My idea of a good vacation involves lots of walking, lots of eating, sleep and a good book.

Exhausted from my overnight journey across the country, I checked into a hotel, took a shower and resolved to get out and explore the capital. My first stop had to be breakfast though, and as I stepped out from the hotel, the heavens opened and the rain began pouring down, indicating a perfect time to sit down and savor some food.

Laos is famous for spicy meat salads but I was after something a little more tame. I settled for a bowl of hot noodles, the perfect fare on a rainy morning. Negotiating food, I realized I had three languages to work with in Laos; Thai - which is very similar to Laotian, French – the colonial language of the country, and English – good for tourist spots.

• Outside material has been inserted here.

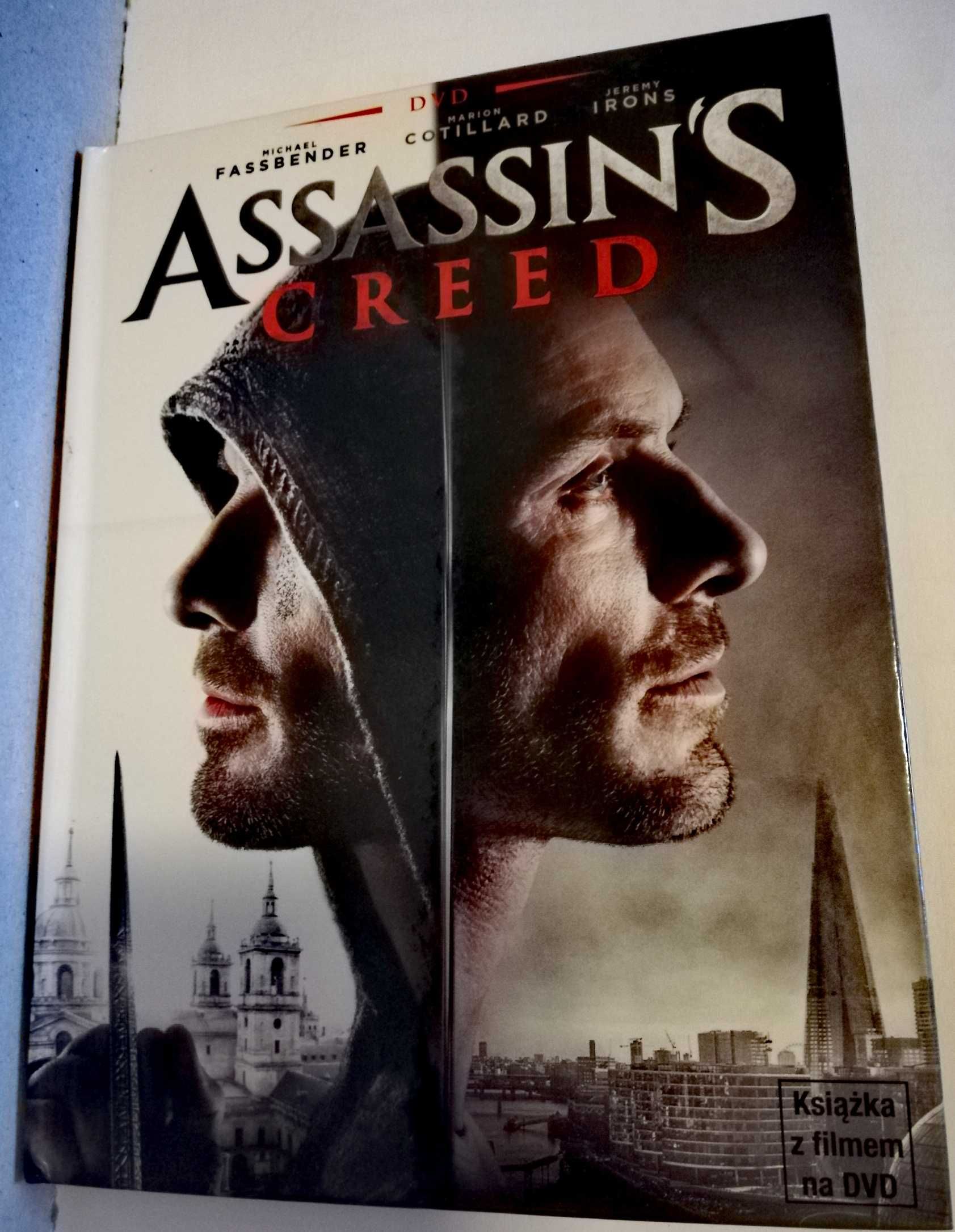 Assasin's Creed film dvd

I thought I had successfully communicated leaving peanuts out of the noodle dish and used all three languages just to be sure, and to be fair, there were no crushed peanuts floating on top of the dish. There was, however, a dark paste in the soup, which contains what else but ground peanuts. For some reason, in the hierarchy of deathly peanut allergy attacks, ground paste or sauce is the worst (boiled peanuts in curry seems to cause the least severe attacks). I dosed myself with powerful antihistamines I carry around for this very purpose.

The drugs do their job, which is to slow and stop my allergic reaction. They also have a tendency to make the world slow down and become wrapped in cotton wool. It is recommended that people who take these pills not drive or operate heavy machinery. Most days I just go to sleep, sometimes for up to 14 hours.

I didn’t have 14 hours to waste in Laos, so I spent the afternoon floating through the gray city feeling like a ghost. My only aim was to find a new book as I had finished mine, and a herbal sauna that I had heard about.

At the sauna, I booked a Chinese massage for an hour. For the first 30 minutes I got my muscles kneaded to a pulp, which, after untold hours on busses, was simply divine. Then came the suction cups.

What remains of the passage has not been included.